TASK STATEMENT :: If pictures appear among the lines below, leave them out while you return exactly the lines from the one with "通過高位消防水箱驗收發(fā" through the one with "Ioannis Amanatidis vs".

SOURCE INFORMATION ::
────────────────────────────────────────

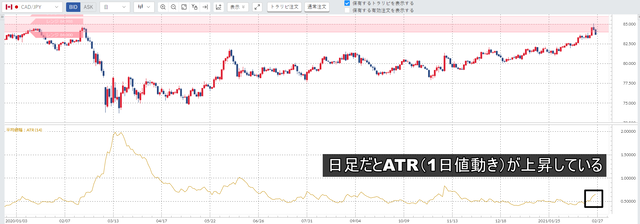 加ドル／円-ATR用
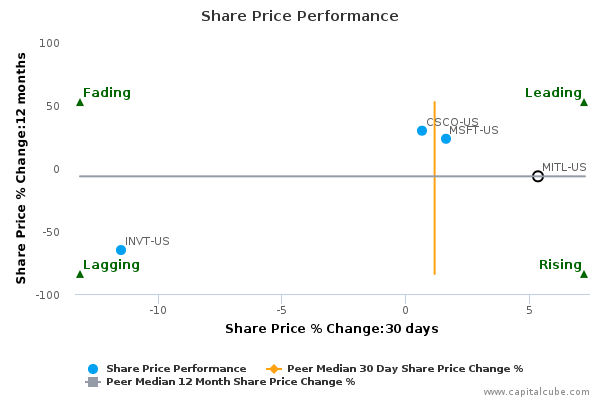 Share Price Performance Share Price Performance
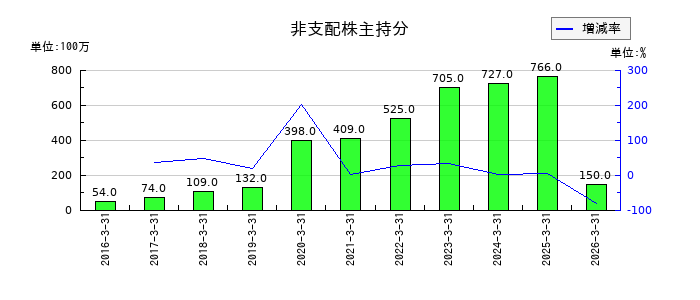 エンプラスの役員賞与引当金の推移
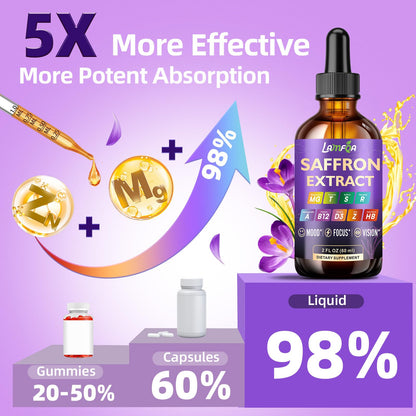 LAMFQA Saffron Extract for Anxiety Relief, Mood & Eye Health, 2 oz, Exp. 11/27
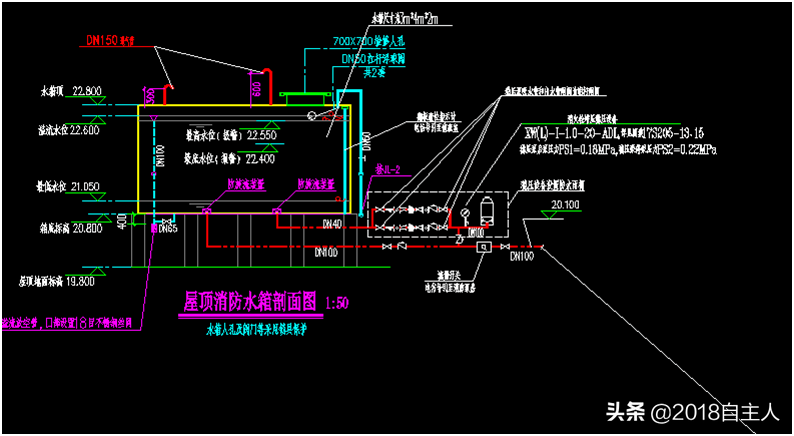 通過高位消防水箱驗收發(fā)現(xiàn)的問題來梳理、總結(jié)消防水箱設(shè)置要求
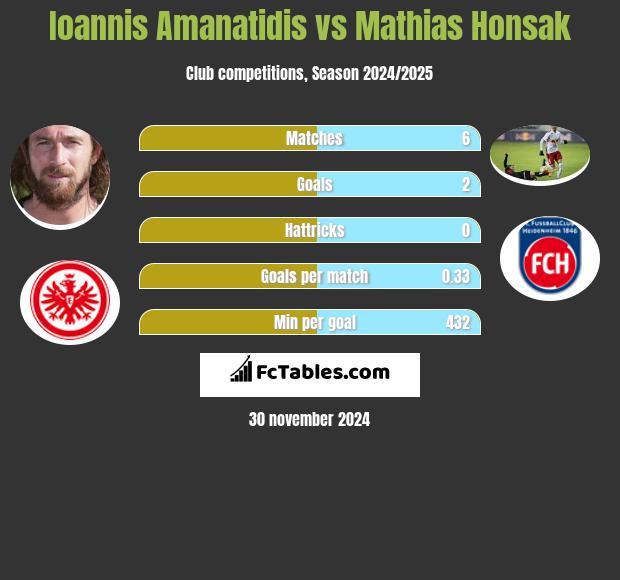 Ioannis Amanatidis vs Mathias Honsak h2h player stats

────────────────────────────────────────

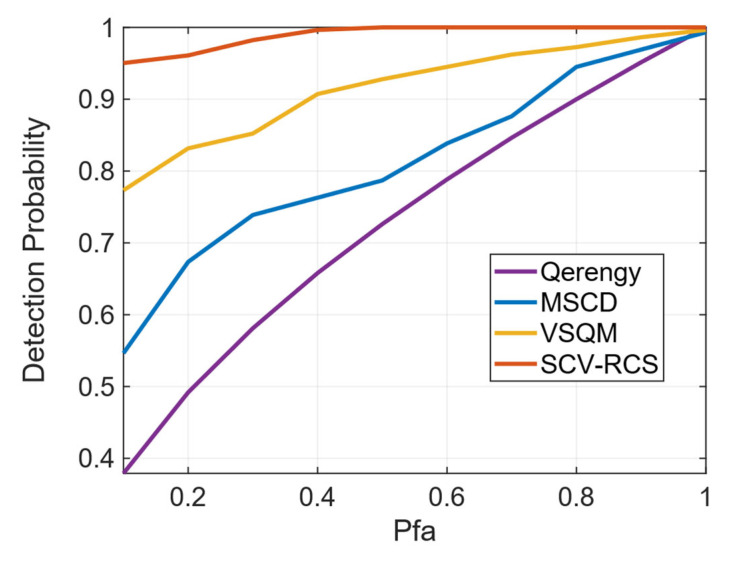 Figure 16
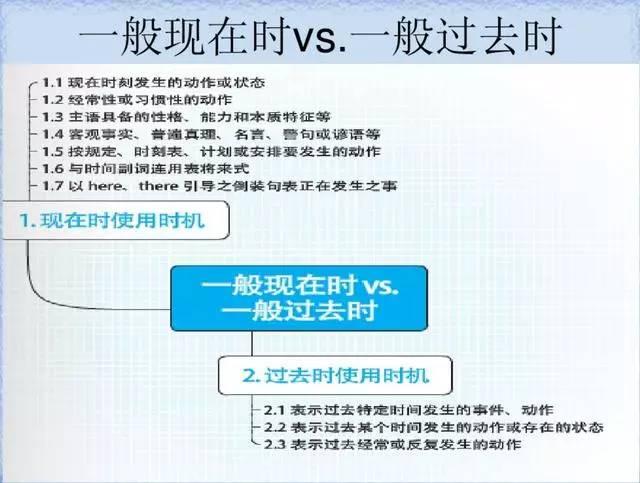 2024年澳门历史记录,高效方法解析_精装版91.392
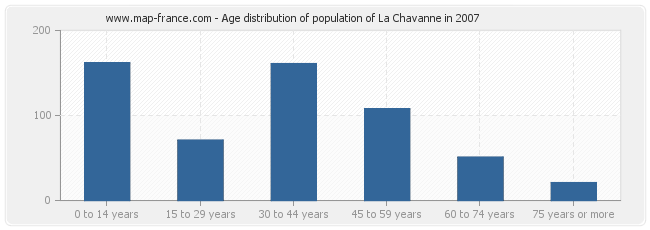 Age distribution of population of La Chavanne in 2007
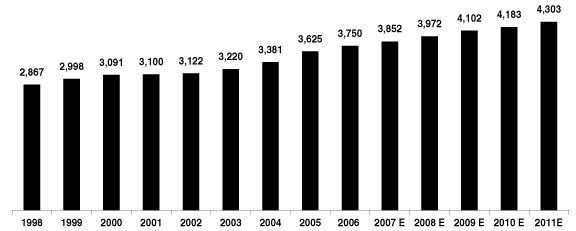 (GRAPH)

────────────────────────────────────────

RESPONSE TO THE TASK ::
 通過高位消防水箱驗收發(fā)現(xiàn)的問題來梳理、總結(jié)消防水箱設(shè)置要求
 Ioannis Amanatidis vs Mathias Honsak h2h player stats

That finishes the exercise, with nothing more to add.